The chief executive of Telefónica Europe has given the strongest indication yet that the mobile operator will take a cooperative, rather than a competitive, route to introducing NFC services.
Matthew Key, chief executive of Telefónica Europe, has used a keynote speech at the CeBIT tradeshow in Hannover this week to provide further details of the mobile network operator’s business strategy for NFC, tech news site V3.co.uk reports.
Telefónica is “uniquely positioned” to take advantage of NFC development, particularly in the field of location-based advertising, Key told delegates.
“We see ourselves being an aggregator of services and payments. As a mobile business we are uniquely positioned.”
Location-based advertising, which O2 has already started using in the UK, is also being tipped to become a “major product line” with the increasing use of smartphones, Key explained.
“Customers can opt to receive a voucher on their mobile phone. We know when a customer is wandering past Starbucks, and can send a barcode asking them if they want to go inside and get 50p off a latte,” he said.
“Location-based is customer specific and is win-win. The retailer benefits, the customer benefits and [O2] sits in the middle and benefits as well.”

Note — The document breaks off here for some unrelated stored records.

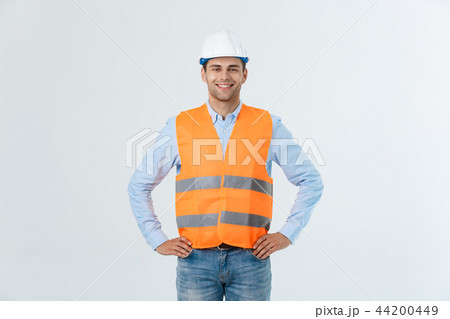 Portrait of a businessman or engineer in white helmet on gray background 44200449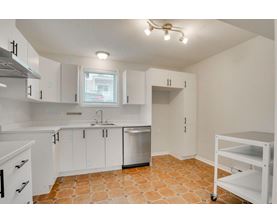 A kitchen with white cabinets and a tile floor.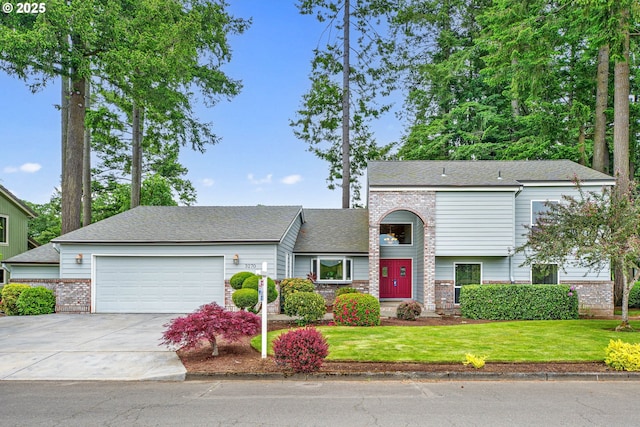 3270 N Maple St, Canby, OR 97013 - view of front of home with an attached garage, concrete driveway, a front yard, and brick siding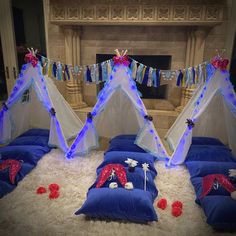 three teepee tents are set up in the middle of a room with pillows and blankets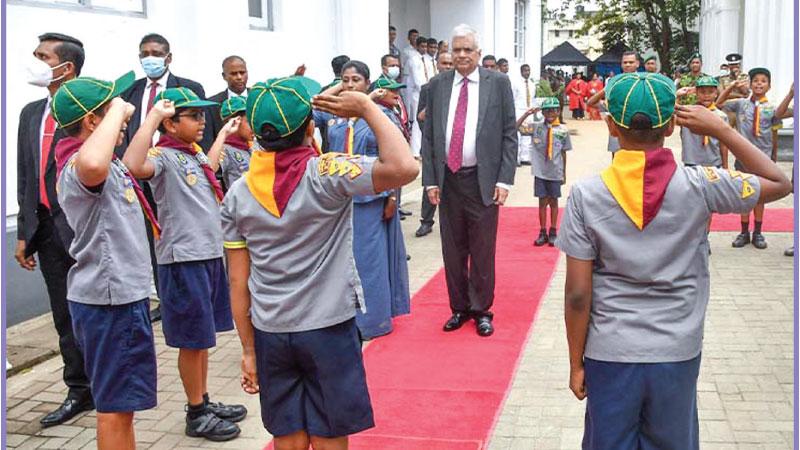 President Ranil Wickremesinghe who was the chief guest at the Ananda College prize-giving being welcomed by  scouts of the school. Pic: President’s media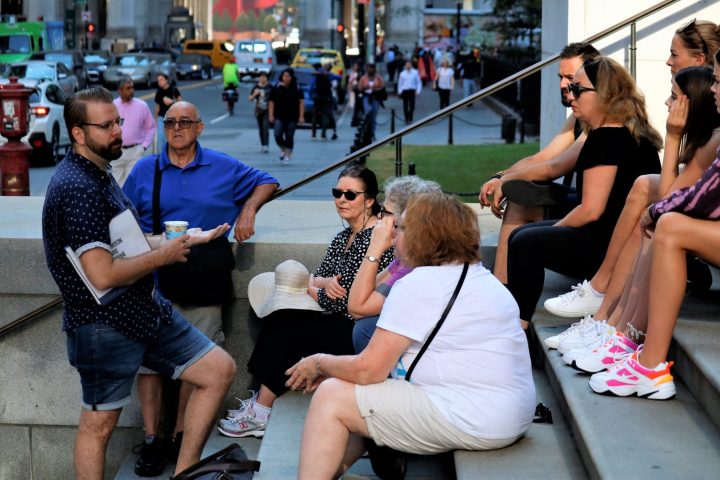 a group of people sitting on a bench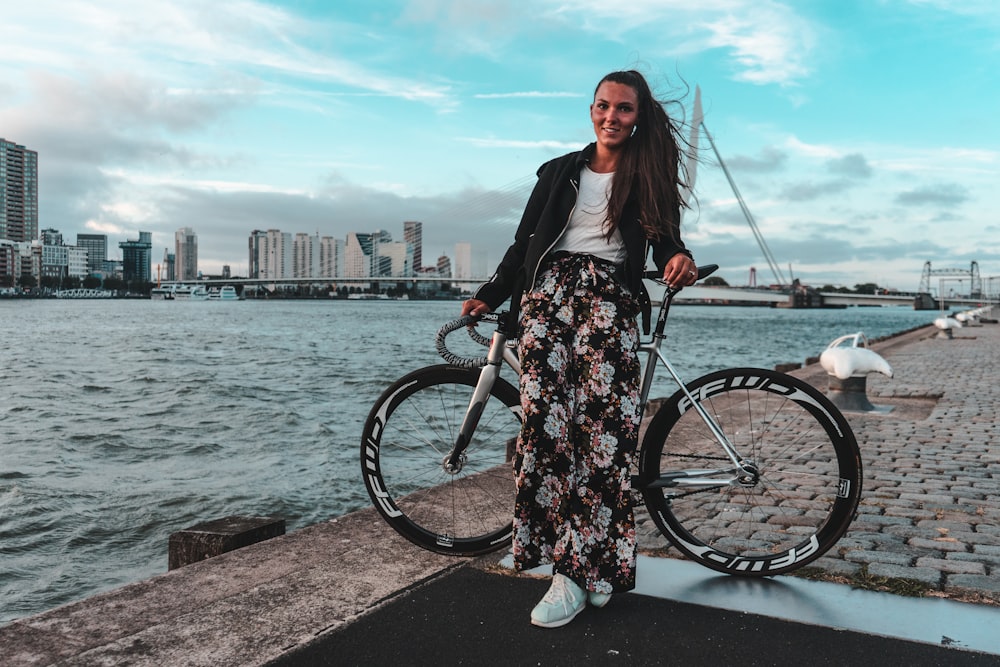 woman leaning on bicycle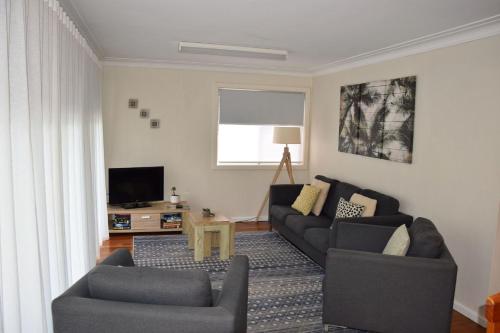 a living room with a couch and a tv at Mariner 16 Flat 1 - Bring your own linen in South West Rocks
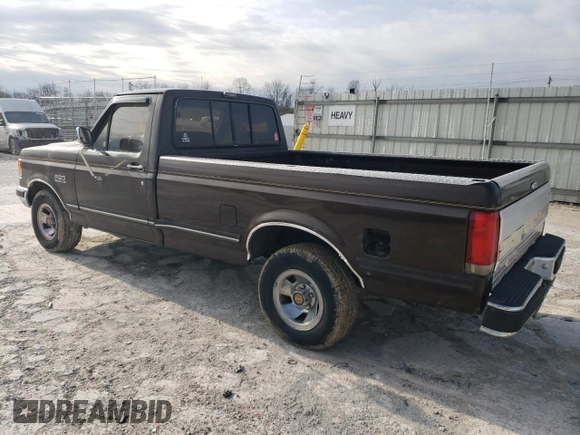 1991 Ford F-150 with VIN 1FTEF15N9MLA28124, listed as a Copart auction lot 83220464 with 49,411 mi miles and Salvage Title. Bid and sale history available at carsss.com. Image 2.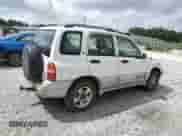 2002 Chevrolet Tracker LT with VIN 2CNBJ634126907949, listed as a Copart auction lot 61406895 with 218,423 mi miles and Clean title. Bid and sale history available at DreamBid. Image 3.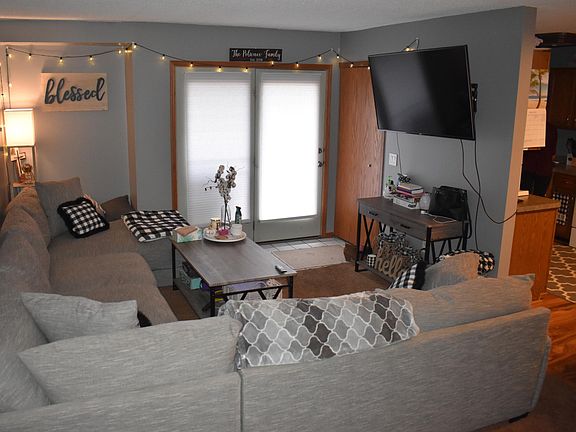 Main floor living room with entrance from patio.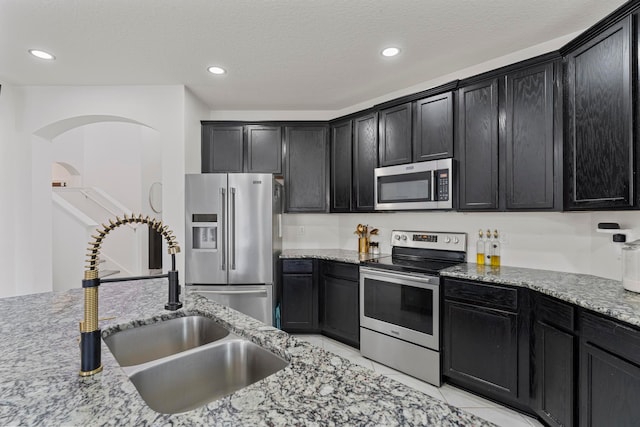 kitchen featuring appliances with stainless steel finishes, sink, a textured ceiling, and light stone counters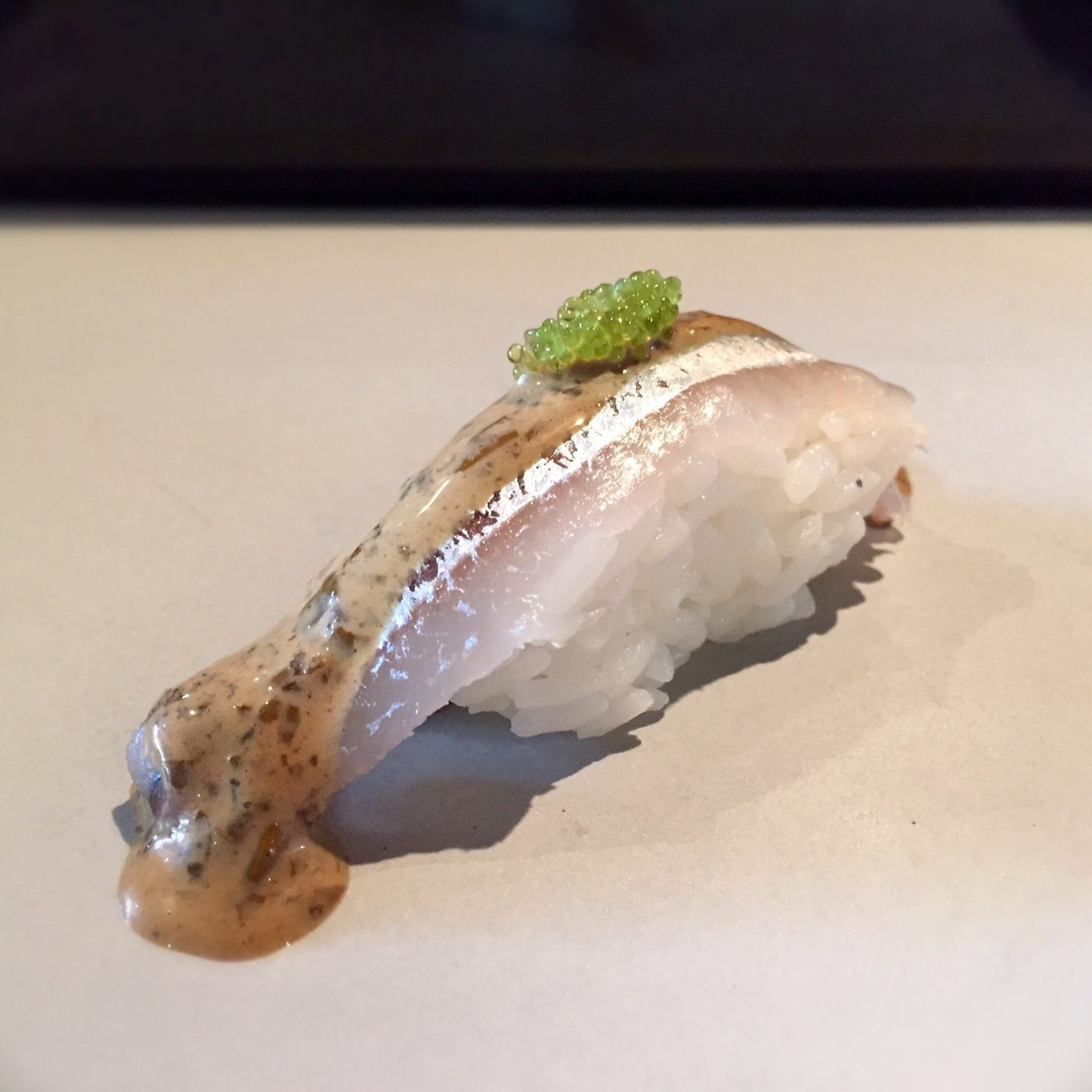 A nigiri of silver-skinned fish under a thin pale cream flecked with dark, topped with bright green roe.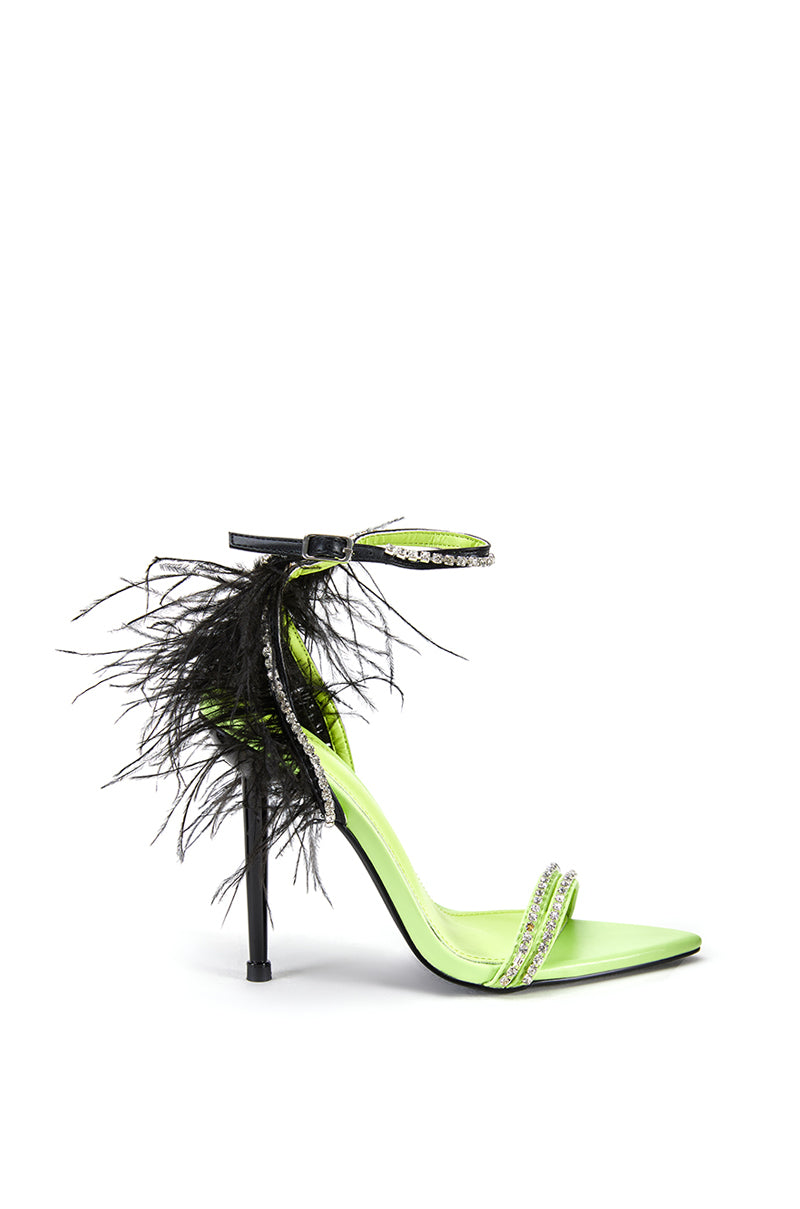 lime green open toe heels with rhinestone bands and black feather detail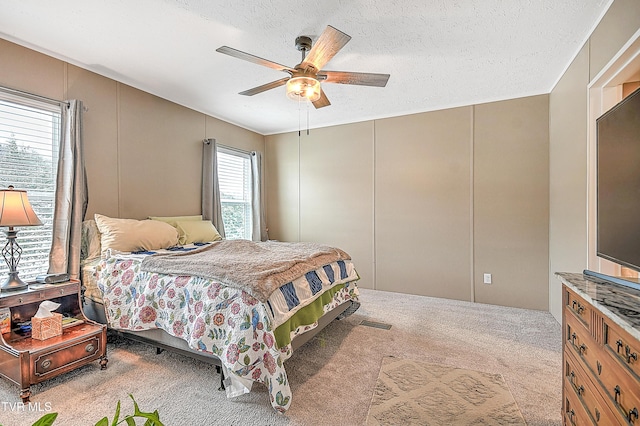 bedroom featuring ceiling fan, light colored carpet, and a textured ceiling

Key’s use of the word “aggregator” suggests the company does not see itself simply as a standalone provider of financial services to customers. Instead, it seems set to position itself as a middleman, creating a link between banks and retailers, for example, and customers using NFC technology.
This does not spell the end for the company’s move into providing its own NFC-based services, though, as O2 UK’s managing director of financial services told NFC World last month. O2 UK’s long-term vision for NFC, James Le Brocq explained, is to “bring the contents of your wallet to your mobile phone and create your mobile wallet” — and that means “I have to let customers put whatever product they want into their wallet.”
But, as well as working with other service providers, O2 also has “every intention of providing O2 Money products,” Le Brocq added. The mobile operator therefore plans to apply for an e-money license so that it can hold funds on behalf of its customers, although the company “has no plan to be a bank.”